時と空の唄6-1
「一体イツキは何故サントラーセットに来たんでしょうか。」
サントラーセットを囲む高い黄土色の壁が見えてきた時だった。
「なんだよ、突然。」
「いえ…ただ、カロウドと言う名前が気になって。」カロウドとはマーガックで雪の叔父がイツキを使って雪を裏切った時に出た名だった。
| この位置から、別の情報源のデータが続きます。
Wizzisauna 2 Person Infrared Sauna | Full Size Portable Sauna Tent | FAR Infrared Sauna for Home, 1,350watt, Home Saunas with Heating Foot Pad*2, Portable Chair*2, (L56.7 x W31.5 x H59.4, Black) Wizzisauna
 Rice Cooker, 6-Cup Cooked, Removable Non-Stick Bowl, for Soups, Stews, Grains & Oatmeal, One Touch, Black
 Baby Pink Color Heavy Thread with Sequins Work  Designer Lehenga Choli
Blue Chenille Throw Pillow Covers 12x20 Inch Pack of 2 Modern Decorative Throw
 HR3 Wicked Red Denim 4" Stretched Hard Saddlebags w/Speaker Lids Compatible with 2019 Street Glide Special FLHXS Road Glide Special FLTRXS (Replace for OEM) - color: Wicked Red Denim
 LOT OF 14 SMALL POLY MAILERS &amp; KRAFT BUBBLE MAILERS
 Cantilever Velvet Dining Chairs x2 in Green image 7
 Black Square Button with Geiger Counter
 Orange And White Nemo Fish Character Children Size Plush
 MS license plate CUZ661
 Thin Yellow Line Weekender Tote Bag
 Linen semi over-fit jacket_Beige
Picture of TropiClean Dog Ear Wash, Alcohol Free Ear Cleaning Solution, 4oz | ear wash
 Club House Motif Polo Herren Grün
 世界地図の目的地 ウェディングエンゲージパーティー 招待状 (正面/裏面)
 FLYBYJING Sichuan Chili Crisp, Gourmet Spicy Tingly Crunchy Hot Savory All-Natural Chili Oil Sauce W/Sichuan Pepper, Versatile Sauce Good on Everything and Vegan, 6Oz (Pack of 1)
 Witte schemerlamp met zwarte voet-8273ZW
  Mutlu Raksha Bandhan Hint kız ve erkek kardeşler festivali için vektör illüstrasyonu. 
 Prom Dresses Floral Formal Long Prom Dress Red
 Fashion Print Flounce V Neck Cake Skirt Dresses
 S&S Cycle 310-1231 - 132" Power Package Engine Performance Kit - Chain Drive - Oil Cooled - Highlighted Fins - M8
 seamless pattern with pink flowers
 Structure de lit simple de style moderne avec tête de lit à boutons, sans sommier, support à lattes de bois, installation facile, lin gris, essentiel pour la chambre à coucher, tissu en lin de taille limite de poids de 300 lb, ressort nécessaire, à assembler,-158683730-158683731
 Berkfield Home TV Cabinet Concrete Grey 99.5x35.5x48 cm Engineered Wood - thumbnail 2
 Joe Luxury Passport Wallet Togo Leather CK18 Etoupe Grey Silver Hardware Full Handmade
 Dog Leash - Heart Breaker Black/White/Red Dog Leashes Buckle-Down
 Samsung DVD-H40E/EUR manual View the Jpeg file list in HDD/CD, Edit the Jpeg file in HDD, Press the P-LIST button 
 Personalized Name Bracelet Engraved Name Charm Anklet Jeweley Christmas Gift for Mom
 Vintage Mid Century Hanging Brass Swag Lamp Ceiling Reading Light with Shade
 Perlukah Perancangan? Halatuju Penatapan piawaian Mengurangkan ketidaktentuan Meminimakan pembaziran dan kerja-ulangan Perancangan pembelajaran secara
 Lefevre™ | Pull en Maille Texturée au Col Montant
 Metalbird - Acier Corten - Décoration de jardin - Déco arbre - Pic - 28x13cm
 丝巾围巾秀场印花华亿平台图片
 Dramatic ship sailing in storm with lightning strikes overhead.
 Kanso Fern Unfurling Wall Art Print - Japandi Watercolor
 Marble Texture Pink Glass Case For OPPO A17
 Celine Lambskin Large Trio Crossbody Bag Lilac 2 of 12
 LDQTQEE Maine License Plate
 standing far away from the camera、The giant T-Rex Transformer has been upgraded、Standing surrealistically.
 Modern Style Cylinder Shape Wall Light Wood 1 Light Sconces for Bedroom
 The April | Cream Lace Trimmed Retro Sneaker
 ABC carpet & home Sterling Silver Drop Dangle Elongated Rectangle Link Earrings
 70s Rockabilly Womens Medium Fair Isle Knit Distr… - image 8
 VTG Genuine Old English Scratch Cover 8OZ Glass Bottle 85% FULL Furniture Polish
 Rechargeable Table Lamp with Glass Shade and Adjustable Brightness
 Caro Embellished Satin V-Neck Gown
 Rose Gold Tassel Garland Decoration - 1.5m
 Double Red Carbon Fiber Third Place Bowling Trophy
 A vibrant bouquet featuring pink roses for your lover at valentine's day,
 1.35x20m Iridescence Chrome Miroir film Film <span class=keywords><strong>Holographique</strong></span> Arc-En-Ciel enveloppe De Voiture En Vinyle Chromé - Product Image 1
「三種の神器である盾を欲しがるカロウドという謎の男…か。」
「まぁ、何にしたって今はまだ何にも分かんないんだし、そんなに深刻な話でもないだろ。」
「そう…ですね。」
機械都市サントラーセットからは昼夜問わず常に工場から煙がもくもくと出ている。
都市をぐるりと囲む壁を通るとそこには見たこともない機械がそこら中にあった。
「凄い…これが城下の次に栄えている街…?」
雪はただ感動している。
その時だった。
目の前に数人の黒スーツの男が立ちはだかった。
「おいおい、折角の景色を邪魔してくれるなよ。」
そんな軽口をたたきながらゆっくりとランスォールは腰の剣に手をかけた。
「抵抗するな。抵抗すれば容赦なく殺す。」
「ここにはお前たちの仲間はない。」
男の低い2つの声が四人に逃げ場がないことを物語る。
「…狙いは何?」
剣と宝玉だろう。
男の太い指がシーラを指した。
そして予想していなかった言葉が返される。